Very few teams can operate at this level, but (sorry Cavs’ fans) New York is one of them. The Knicks have an untouchable revenue stream--even during a streak of losing seasons--that could land them
everyone they want. I would not be surprised to see the Knicks challenge for the most expensive roster next year. $91.3 million is small potatoes compared to what they have been willing to pay in the past. In fact, the Knicks could increase their current payroll by 67% and still not eclipse their most expensive payroll in team history. And they could build this super-roster up from practically nothing. Uh oh.


It will take a very loyal LeBron James to turn down a max contract--not counting the unparalleled figures that Nike would shell out to have LeBron in the nation's largest market, smoothly filling the void of Tiger Woods as their top endorser. Additionally, it is hard to pass at the opportunity to play 41 games a year in a historic building where they just so happen to average 30.4 points per game. And lastly, LeBron will really have to love his supporting cast to choose it over playing with 1, 2, or possibly 3 other members of the U.S. Olympic team. This will obviously be the sweetest pot in the history of free agency. LeBron has proven to be quite savvy about his free agent implications, so he already knows this.


At that point, the Hail Mary for Cleveland is what I like to call the “Theory of Comfort and Unfinished Business”:


The Knicks are definitely willing and able to throw money at the feet of King James, but it is tough to buy him a feeling of home. Akron is not a New York City suburb. Checking in on his high school team would require a plane ride and not a 30-minute car trip. If you think these things are not important to him, ask yourself where he held his MVP Award Ceremony.

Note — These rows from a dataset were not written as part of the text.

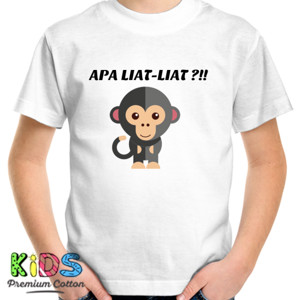 Kaos apa liat2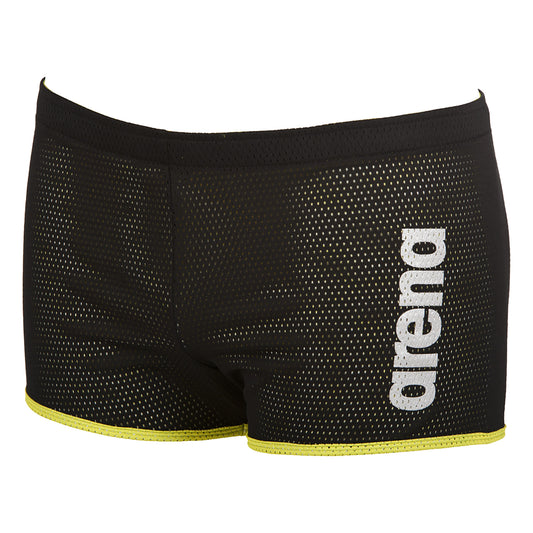 Square Cut Drag Suit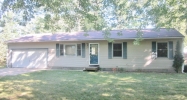 3030 Mclaughlin Ave Muskegon, MI 49442 - Image 5078981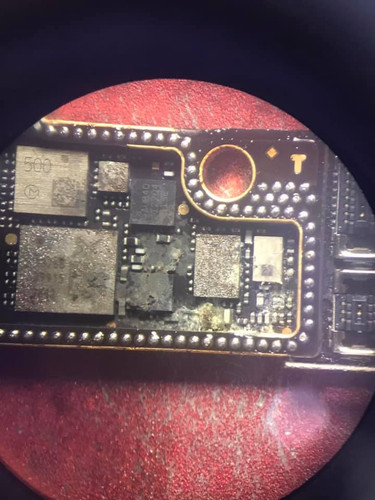 469665722 1749583002547249 3808016152294126922 n 984128972425993.jpg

He calls the Cleveland Cavaliers his family. He has so many pre-game antics, sideline charades, and enough handshakes to make a man dizzy. This loose atmosphere is all the byproduct of winning. Early in his career, there were hardly smiles on the bench when LeBron was called upon to win games by himself. By leaving LeBron will return to those early days.


Times Square could easily construct more, and/or larger, Nike ads than the one off Ontario Street, but their impact is greater in downtown Cleveland. That billboard transcends marketing for a shoe company. LeBron is the hope of millions that hang on his every move. Jordan, even in his prime, could not make the people of Chicago stop what they were doing the way James demands attention from all Ohioans.


The second part of my theory relies on Cleveland’s inability to win championships. Typically, this is as safe of a bet as your grocery store carrying bread. However, the Fightin’ LeBrons are back to playing like the best team in the NBA. It is my opinion that Cavs’ fans cannot expect to have it both ways. If you want LeBron long-term, you might have to sacrifice a 2010 World Championship. It is true that LeBron wants his legacy to be the man who brought the city of Cleveland its first championship since 1964. He never once said that he would stick around for a second.


A championship this year suggests LeBron departs. There would be an alignment of events that point to his leaving. His contract ends, the drought would be over in Cleveland (his mission accomplished), Shaq would probably retire, and Delonte West will likely be headed for jail. It sounds like the family band would be splitting up. That gives LeBron a clean exit while the confetti falls at the parade. Then again, what more do you want from the guy? The Cavaliers would be the World Champions.